Maurício – Nossa, eu não jogo absolutamente nada! Porque desde pequeno eu sempre gostei mais de ver o futebol do que jogar. Quando eu decidi ser jornalista eu tinha cinco anos de idade. Meu pai do lado ouvindo rádio, eu com ele, minha mãe circulando pela casa, e eu dizia pro meu pai: “Eu quero ser esse cara aí! “E ele perguntava:” Esse cara aí é o que tá jogando? Que tá fazendo gol?”, e eu dizia: “Não. Esse que tá falando”. E eu não sabia na época com cinco anos o nome dessa profissão. Depois que eu fui saber o que era. Então não tive crise vocacional.

Que recado podes deixar pro pessoal que está iniciando agora no jornalismo, está saindo da universidade e enfrenta esse mercado que é tão difícil?

Maurício – Ah, é difícil mesmo! Cada vez mais. A primeira sugestão é que a pessoa se comunique quando entrar no mercado com o seu gestor imediato para que ele saiba o que você quer fazer na vida. E a anterior: entra no mercado mesmo que fora da tua função original. “Ah, eu quero ser um locutor, mas só tem vaga pra produtor”. Entra de produtor e depois que tu estás por dentro, já no mercado, começa a caminhar na direção que tu pretendes. Comigo pelo menos funcionou assim. Eu entrei na produção da Rádio Guaíba. Eu era muito mau produtor. Eu não queria fazer aquilo. Eu não me aperfeiçoei naquilo porque eu queria microfone. E a primeira coisa que eu fiz quando eu entrei foi dizer pro meu chefe: “Olha quando tiver uma vaga de microfone, eu quero a chance.” Tanto que o cara saiu da empresa, foi pra outra empresa, lembrou daquilo e me chamou pra outra empresa. Quando eu fui fazer, ele me contou que se aquilo fosse um desejo secreto, não falasse pra ninguém, talvez não tivesse acontecido.

 Então se comunicar em volta, dentro do mercado, com as pessoas que mandam fazer boas relações e leitura permanentemente. Leitura não é leitura de tablet. Leitura de livro, papel.
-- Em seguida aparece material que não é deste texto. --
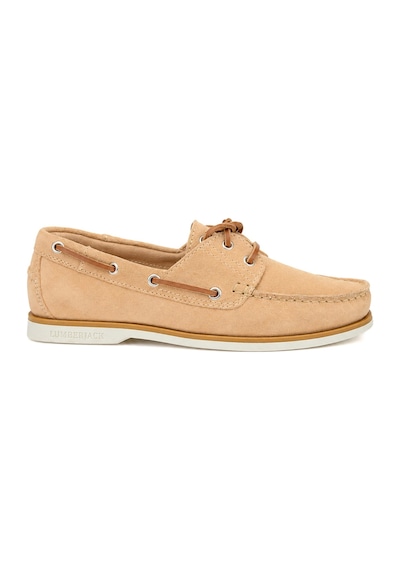 Lumberjack Navıgator 6fx Taba Kadın Loafer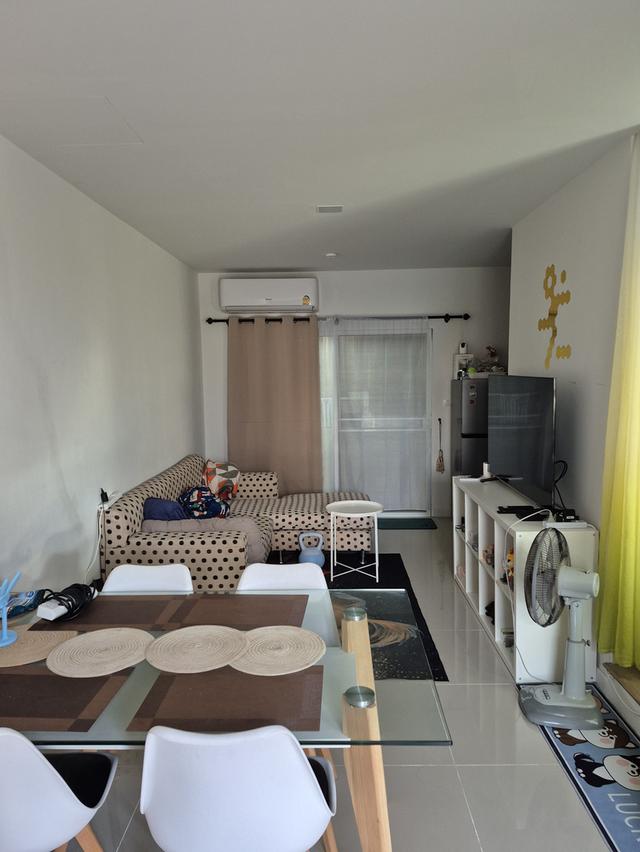 บ้านใหม่ The Connect บางนา-วงแหวน สุขาภิบาล2 เจมโม ประเวศ อ่อนนุช บางนา 5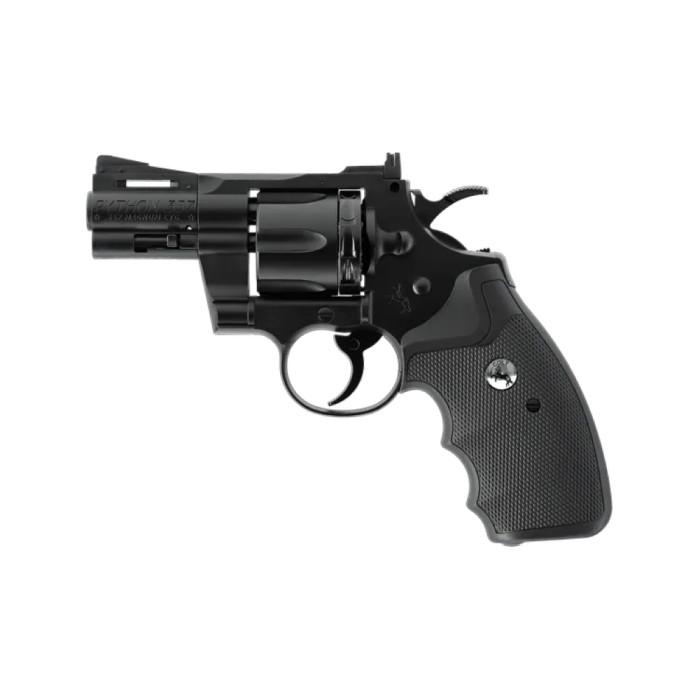 Пневматичний револьвер Umarex Colt Python 2.5" кал.4,5мм 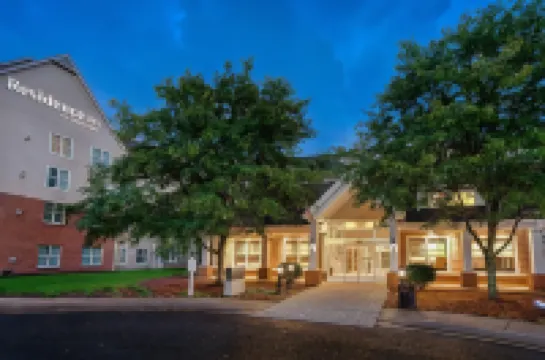 Residence Inn Morgantown Medical Center Area Hotels in 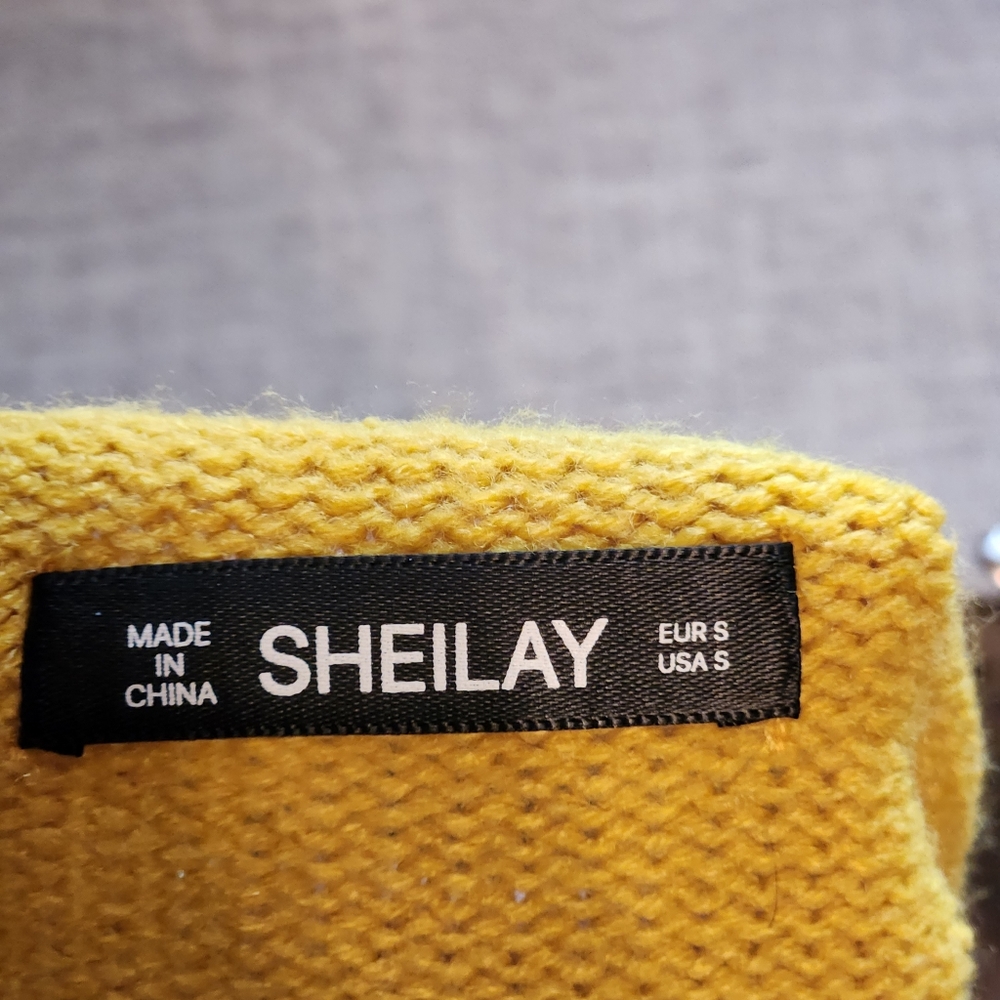 Sweater Jacket - Picture 3 of 4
Que tu vira a página sabe? O tradicional vocabulário para te dar informação. Hoje com internet e tudo mais, tu tem que estar permanentemente informado pra que tu não dê um chute que seja descolado da realidade e o teu público diga: “Mas que mundo esse cara vive que não sabe o que está acontecendo?!” Conexão permanente de todas as contas. Se não for assim, a pessoa não vira jornalista.